Dependency theory is a theory of how developing and developed nations interact. It can be seen as an opposition theory to the popular free market theory of interaction. Dependency theory was first formulated in the 1950s, drawing on a Marxian analysis of the global economy, and as a direct challenge to the free market economic policies of the post-War era.
The free market ideology holds, at its most basic, that open markets and free trade benefit developing nations, helping them eventually to join the global economy as equal players. The belief is that although some of the methods of market liberalization and opening may be painful for a time, in the long run they help to firmly establish the economy and make the nation competitive at the global level.
Dependency theory, in contrast, holds that there are a small number of established nations that are continually fed by developing nations, at the expense of the developing nations’ own health. These developing nations are essentially acting as colonial dependencies, sending their wealth to the developed nations with minimal compensation. In dependency theory, the developed nations actively keep developing nations in a subservient position, often through economic force by instituting sanctions, or by proscribing free trade policies attached to loans granted by the World Bank or International Monetary Fund.

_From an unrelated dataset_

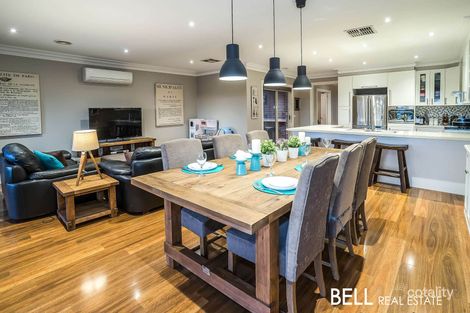 Property photo of 2 Paris Court Mooroolbark VIC 3138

Dependency theory was incredibly popular during the 1960s and 1970s, when the free market policies of development theory seemed to have led much of the developing world to the brink of economic collapse. In the 1990s, with the rising success of countries such as India and Thailand, dependency theory lost some support, as it appeared development theory may indeed have been working. These days, although not as popular as in its heyday, dependency theory is nonetheless widespread in progressive circles, particular among groups working on alternative modes of capitalism in the developing world.
The critiques of dependency theory can be leveled within a nation as well as internationally. In fact, dependency theory tends to trace its roots to back before the emergence of modern post-colonialism. On an internal level, dependency theory can be seen applying to regions within a country. In the United States, for example, historically the industrial Northeast can be seen drawing wealth from the agricultural south in a pattern reflected in the modern world by the industrial northern hemisphere and the productive southern hemisphere.
Dependency theory also posits that the degree of dependency increases as time goes on. Wealthy countries are able to use their wealth to further influence developing nations into adopting policies that increase the wealth of the wealthy nations, even at their own expense. At the same time, they are able to protect themselves from being turned on by the developing nations, making their system more and more secure as time passes. Capital continues to migrate from the developing nations to the developed nations, causing the developing nations to experience a lack of wealth, which forces them to take out larger loans from the developed nations, further indebting them.